▶ Prompt:
Give all the lines below again, exactly, with no pictures.

[Short descriptive text snippets]
**********
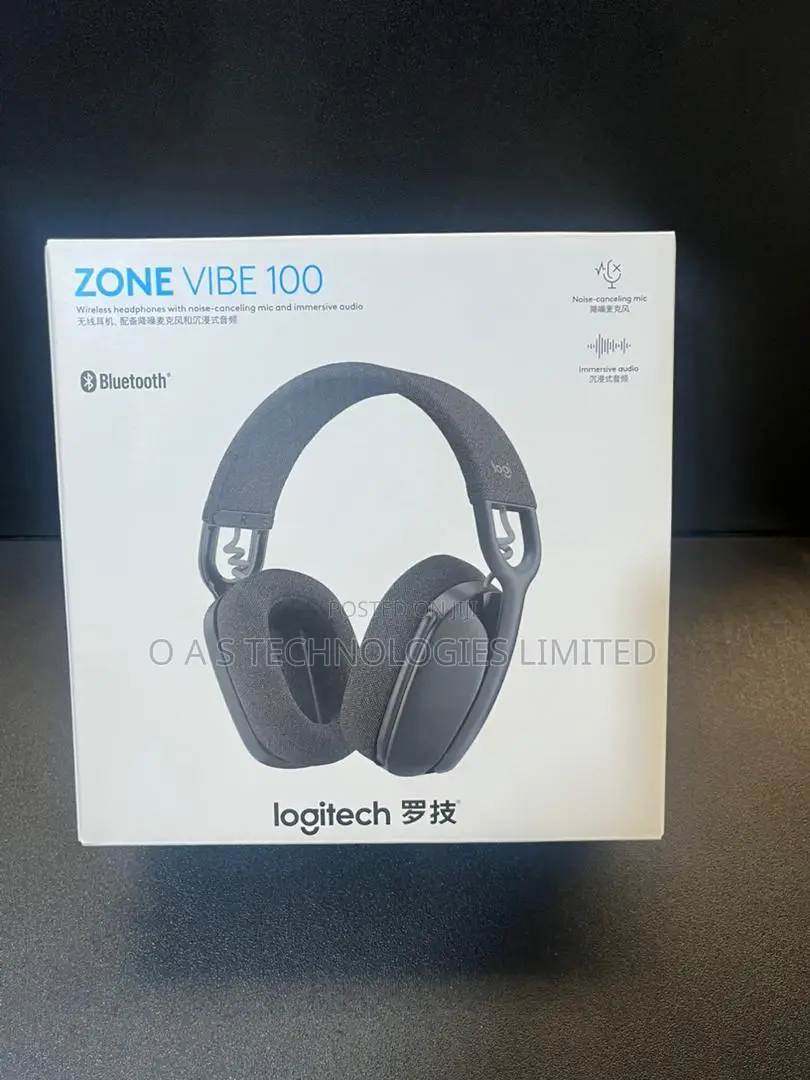Logitech Zone Vibe 100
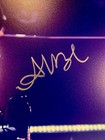 Alexa Bliss WWE 2025 Royal Rumble Autographed 16x20 Photo — photo 2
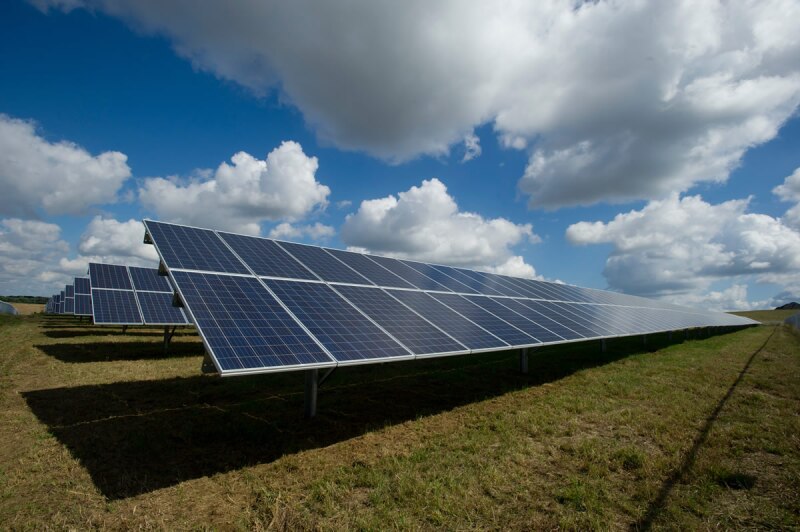 parque solar
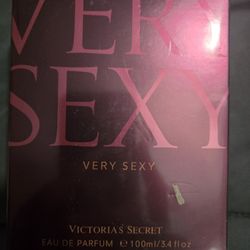 3.4 Oz Very Sexy Perfume By Victora Secret Brand New 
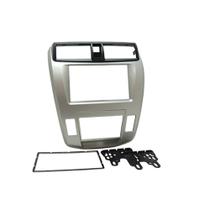 Moldura 2 Din Fiamon Honda City 2008 à 2014 com Ar Digital Moldura 2 Din Fiamon Honda City 2008 à 2014 com Ar Digital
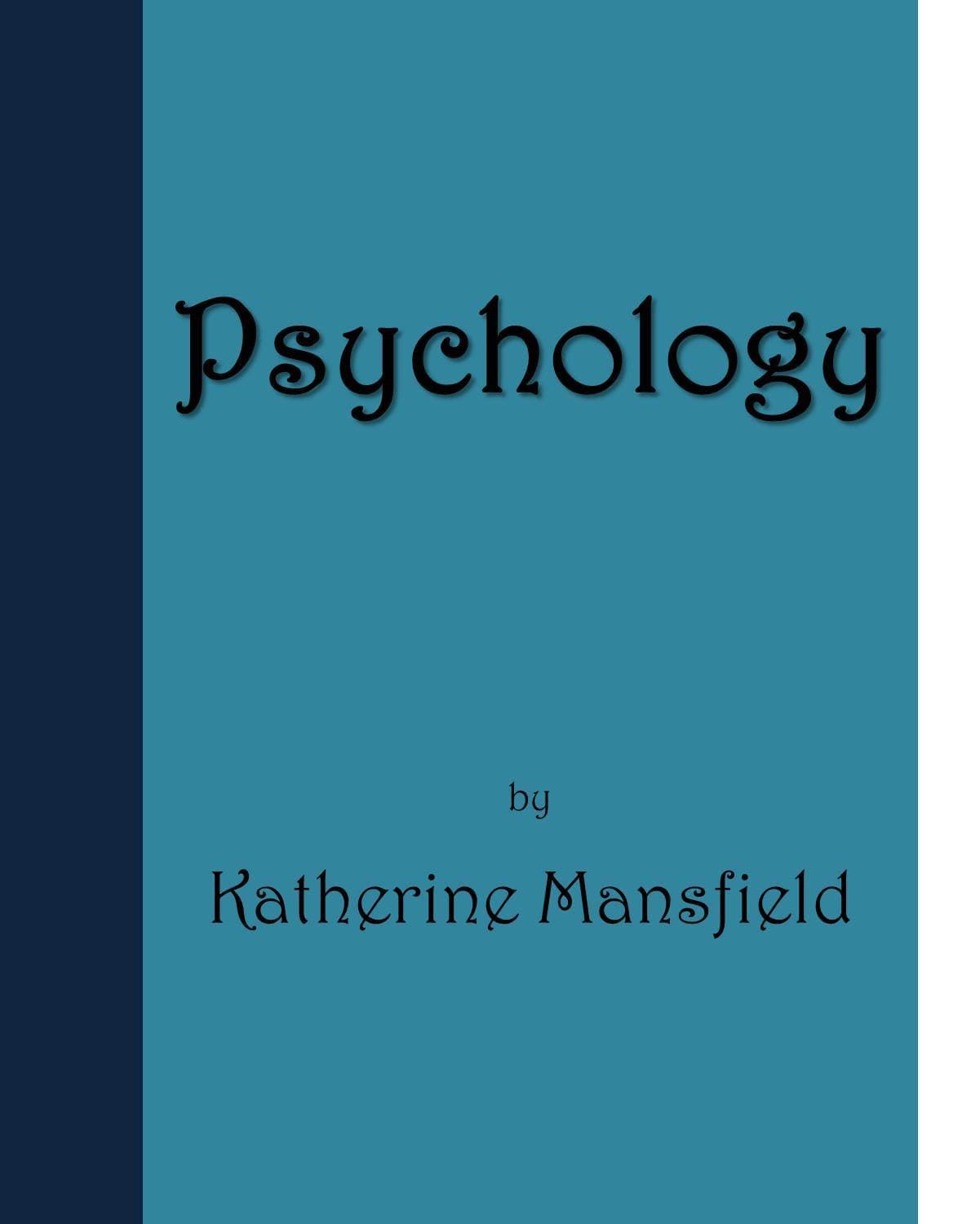 Psychology book cover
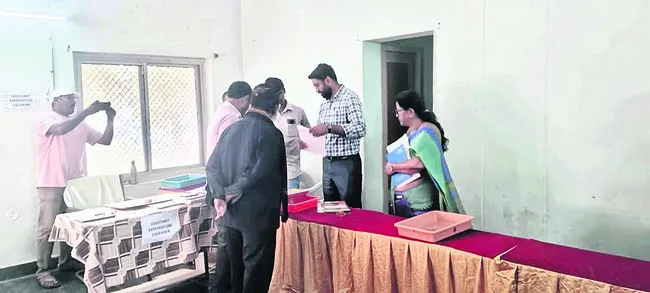 ఎన్నికలు ప్రశాంతంగా నిర్వహించాలి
**********
▶ Exercise result:
Logitech Zone Vibe 100
 Alexa Bliss WWE 2025 Royal Rumble Autographed 16x20 Photo — photo 2
 parque solar
 3.4 Oz Very Sexy Perfume By Victora Secret Brand New 
 Moldura 2 Din Fiamon Honda City 2008 à 2014 com Ar Digital Moldura 2 Din Fiamon Honda City 2008 à 2014 com Ar Digital
 Psychology book cover
 ఎన్నికలు ప్రశాంతంగా నిర్వహించాలి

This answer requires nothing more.